3.1.07

desde que seja para falarem de Deus


No seguimento dos meus posts anteriores, eu tinha planeado apresentar ainda hoje um post contendo uma tese que julgo verdadeira e, talvez, de certo modo original sobre a relação entre religiosidade e Estado de direito. Porém, em vista da reacção que os meus posts geraram, não apenas entre os comentadores, mas entre os próprios blasfemos, que decidiram fazer outros tantos posts sobre a evocação de Deus nas constituições políticas de diversos países, ou sobre a ausência dela, eu decidi adiar o assunto para outro dia.

Nada pior do que apresentar uma tese nova num clima de expectativa e de uma certa agitação agitação - só gera reacções negativas. Para ser eficaz, uma tese nova tem de ser apresentada de forma inesperada e surpreendente, e num clima de serenidade, afim de passar todas as fases pelas quais todas as verdades, segundo Schopenhauer, têm obrigatoriamente de passar: primeiro, são ridicularizadas; segundo, são violentamente contestadas; terceiro, são aceites como óbvias. A última vez que consegui este resultado foi ainda há cinco dias com o post noutro lugar e, por isso, achei por bem não abusar da sorte.

Assim, decidi apresentar outra tese: desde que conheço o Blasfémias, em nenhum dia, como hoje, ele se pareceu tanto com a igreja - e com a igreja católica.###

Uma das questões acerca das quais eu demorei mais anos para encontrar resposta foi a de saber como era possível que uma instituição baseada em relações voluntárias, sem poderes coercivos, alvo de tantos e tão ferozes ataques ao longo da sua história e atravessando todas as tragédias da humanidade - como foi o caso da Igreja Católica - tenha conseguido, ainda assim, sobreviver e tornar-se a instituição de maior longevidade na história da civilização.
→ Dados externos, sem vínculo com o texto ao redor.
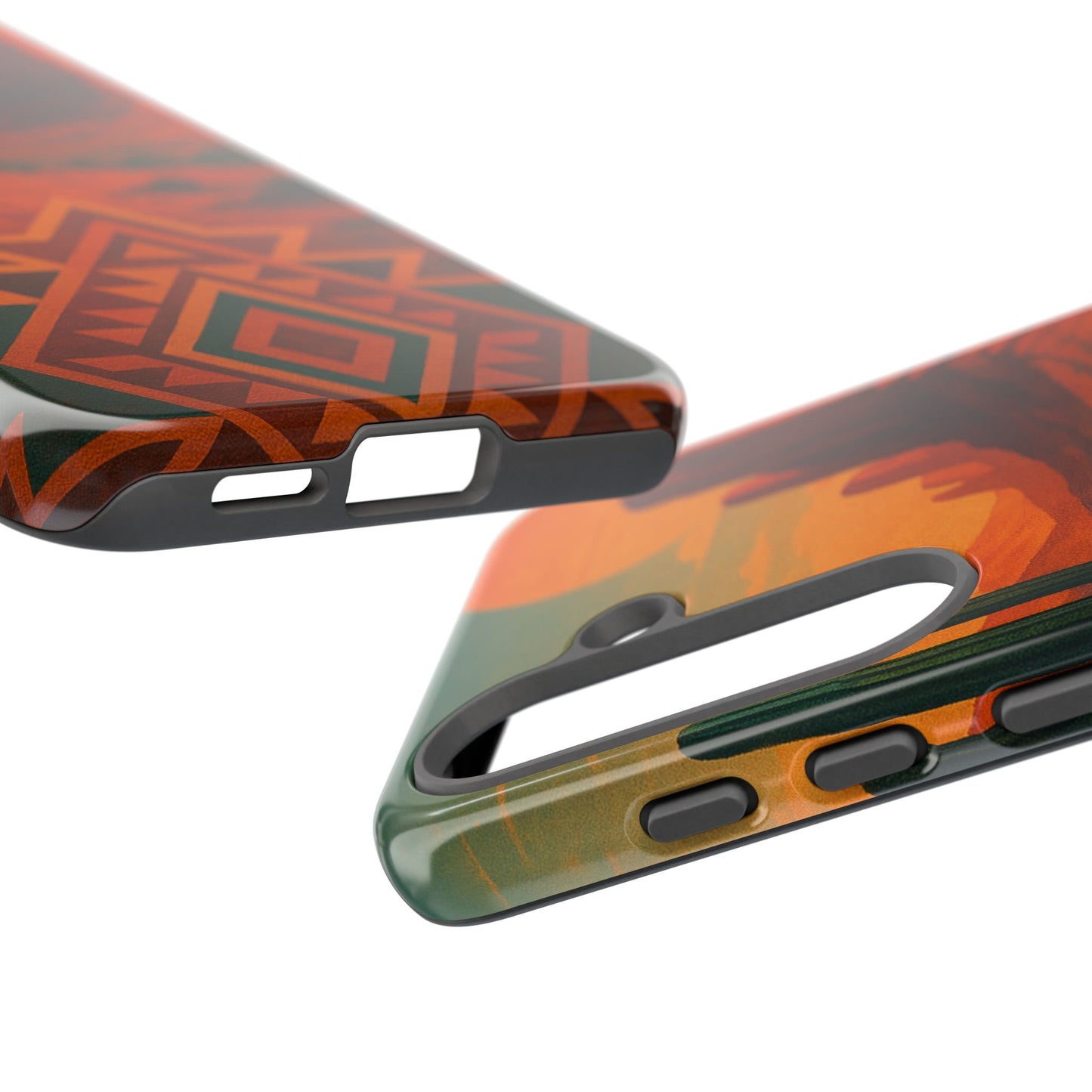 Desert Mirage – Southwest Art Phone Case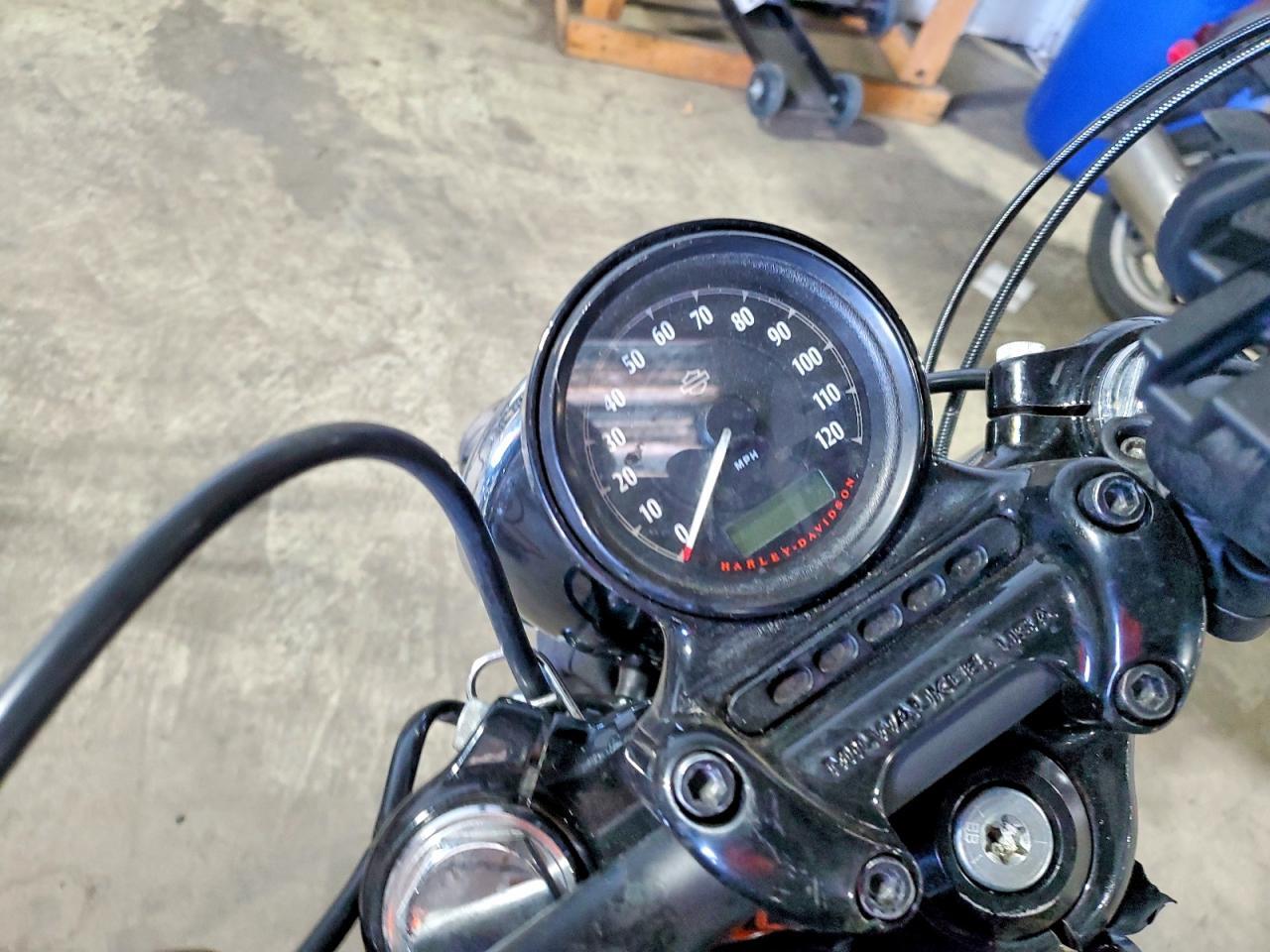 2021 Harley-Davidson XL1200 X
A resposta acabei por encontrá-la pela mão do historiador britânico Thomas Macaulay e residia na capacidade da Igreja para lidar com a dissidência. Esta capacidade reveste formas subtis de que nem um homem num milhão se consegue aperceber, mas que são extraordinariamente eficazes. Uma delas, sob o argumento de que todos os homens são filhos de Deus, consiste em abrir as portas a toda a gente, mesmo aos seus mais viscerais inimigos, e aceitar dialogar com pessoas de todas as persuasões religiosas, ou ausência delas - crentes, agnósticos e ateus. Desde que o tema da conversa seja Deus.

Abrindo a sua casa a todos, desde que seja para falarem de Deus, a Igreja não apenas aceita falar com todos, como ela própria encoraja a falar sobretudo aqueles que são os mais acérrimos adversários de Deus, ao ponto de negarem a sua existência - os ateus. E é por essa via que ela desacredita os ateus. Na realidade, qualquer observador independente acabará naturalmente por interrogar-se como é possível que aquele homem ou mulher, que se diz ateu, gaste tanta energia intelectual, tanto tempo e, às vezes, tanto dinheiro, para se documentar, para estudar e para falar sobre algo em que não acredita - Deus. Não ocorreria a ninguém despender recursos assim para falar de gambozinos.

Logo de seguida, a Igreja desacredita os agnósticos. Abrindo as portas a todos os interessados e dando liberdade de pensamento e de expressão às duas partes em confronto - crentes e ateus - e fazendo geralmente prova de uma paciência sem limites até que todos os argumentos tenham sido apresentados de um e de outro lado da questão, a Igreja deixa os agnósticos numa posição
muito difícil. Pois se, possuindo agora toda a informação sobre os dois lados da questão, ainda assim eles se declaram incapazes de escolher entre a posição teísta e a posição ateísta, então o problema já não é da Igreja, mas só pode ser deles, que são incapazes de decidir.